For the tomato sauce, you will need:

1 small onion, finely chopped

2 garlic cloves, chopped

2 tablespoons olive oil

110ml (4fl oz) red wine (optional, or use about 75ml extra stock)

200ml (7fl oz) passata (or a 400g (14oz) tin of chopped tomatoes)

300ml beef stock

1 teaspoon caster sugar

Salt and freshly ground black pepper

1 tablespoon tomato relish (optional)

1-2 tablespoons fresh parsley, chopped

1/2 teaspoon herbes de Provence

A few fresh basil leaves, to garnish

Fry the finely chopped onion and the chopped garlic in the olive oil until they are softened and lightly golden. Pour in the red wine, if you are using it, and cook until about a third of it has evaporated -- this gets rid of the alcohol. Add in the passata or the tin of chopped tomatoes, whichever you are using, the beef stock -- and the extra stock, if you're not using the red wine -- the caster sugar, the salt and freshly ground black pepper, the tomato relish, if you are using it, the chopped fresh parsley and the herbes de Provence, and bring to the boil. Simmer for about five minutes. Serve with the meatballs, scattering the fresh basil leaves over the top. You can accompany this dish with some pasta or mashed potato, whichever you prefer.

SUPER-FAST BEEF HASH

Inspired by Jamie Oliver's recipe in his cookbook 30-Minute Meals, this is a speedy beef hash.

You will need:

500g (18oz) good-quality minced beef

2-4 tablespoons olive oil

Salt and freshly ground black pepper

2-3 sprigs of thyme

1 red onion, thinly sliced

2-4 garlic cloves, chopped

2 carrots, very thinly sliced

3 sticks celery, thinly sliced

6 tablespoons Worcestershire sauce

2-3 tablespoons fresh parsley, chopped

Baked potatoes, to serve

Fry the minced beef in some of the olive oil in a large pan, breaking up the lumps of mince with a wooden spoon. Add a level teaspoon of salt and some freshly ground black pepper. Strip the leaves off the sprigs of thyme and add them to the meat. Stir the mixture frequently to ensure even cooking of the mince. Add the thinly sliced red onion to the pan along with the chopped garlic. Continue frying and stirring occasionally until the meat is browned and cooked through.

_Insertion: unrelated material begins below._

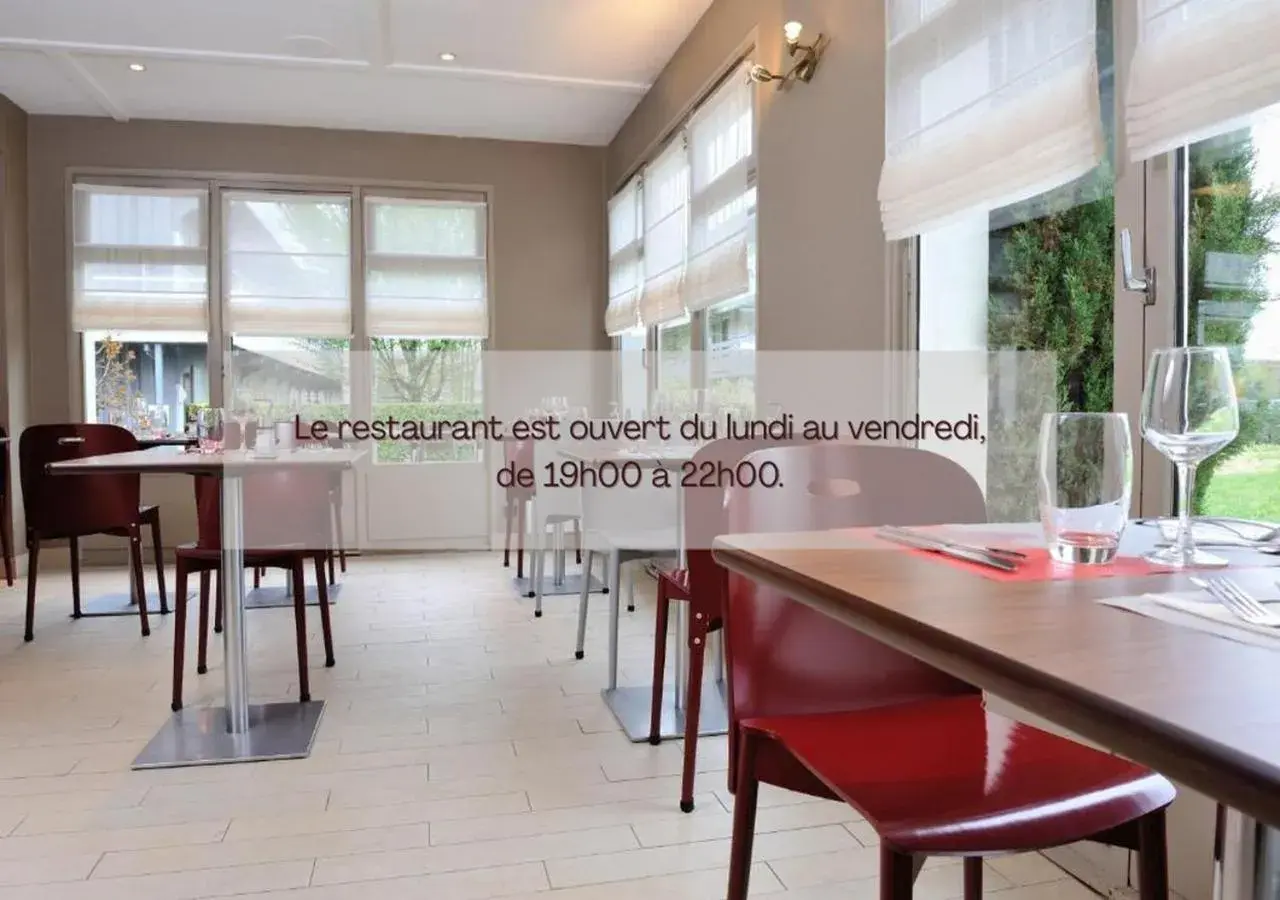 Restaurant/places to eat in Campanile Lyon Est Aéroport Saint Exupery Restaurant/places to eat in Campanile Lyon Est Aéroport Saint Exupery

Although Jamie suggests adding the vegetables directly into the meat, I prefer to par-cook them in a microwave to soften them somewhat. To do that, put the very thinly sliced carrots and the thinly sliced celery into a bowl with 2-3 tablespoons of water, cover it with cling film and pierce a hole. Cook in the microwave on high for 2-5 minutes until the vegetables are just tender. Drain off the water. Add the vegetables to the pan once the meat is cooked. Add in the Worcestershire sauce, and stir well until the meat mixture is nicely glazed.

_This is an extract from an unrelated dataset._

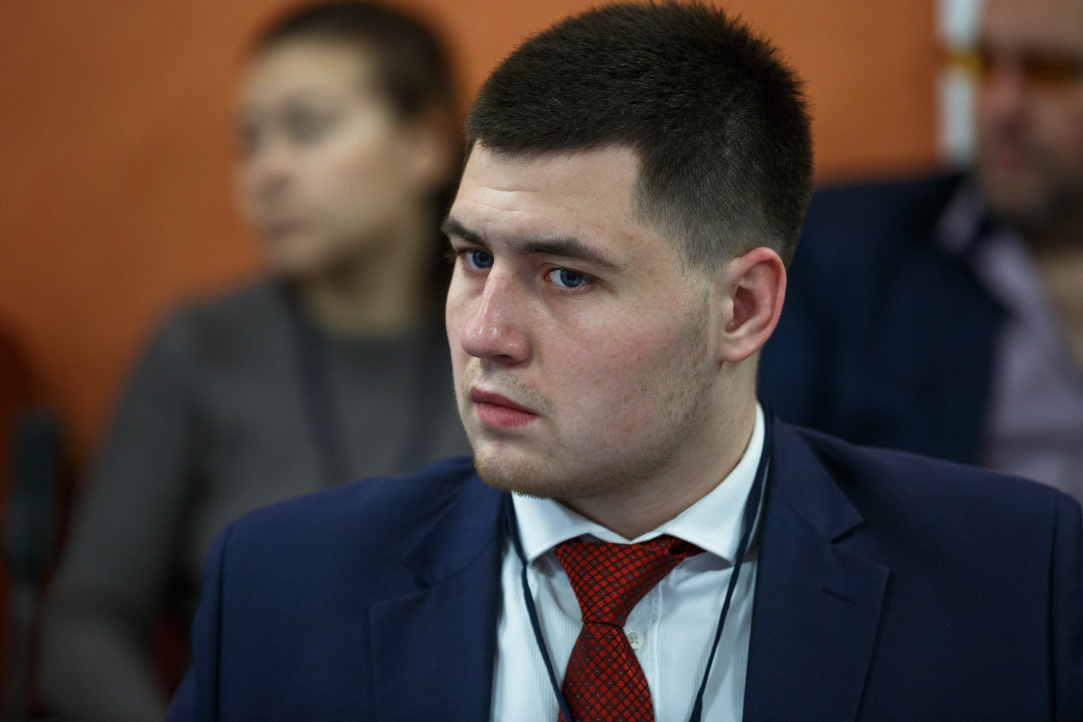 Дмитрий Паньков: «Я понимал, что дорога только одна – в Высшую школу экономики»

Garnish with the chopped fresh parsley and serve with baked potatoes.

Microwave Baked Potatoes

Wash some even-sized potatoes and trim off any bits that don't look so good. Pierce the skin a few times with a knife. Put them into a microwave-safe bowl, cover with a double layer of cling film and pierce it a few holes in it. Cook on a high setting, allowing about five minutes per potato or longer. Test with a fork.

Add a drizzle of oil to the potatoes, toss them, then place them on a baking tin. Season with some salt and freshly ground black pepper and bake in the oven -- preheated to 210 C, 425 F, Gas 7 -- for about 10 minutes to crisp up. Cut a cross in each one and serve.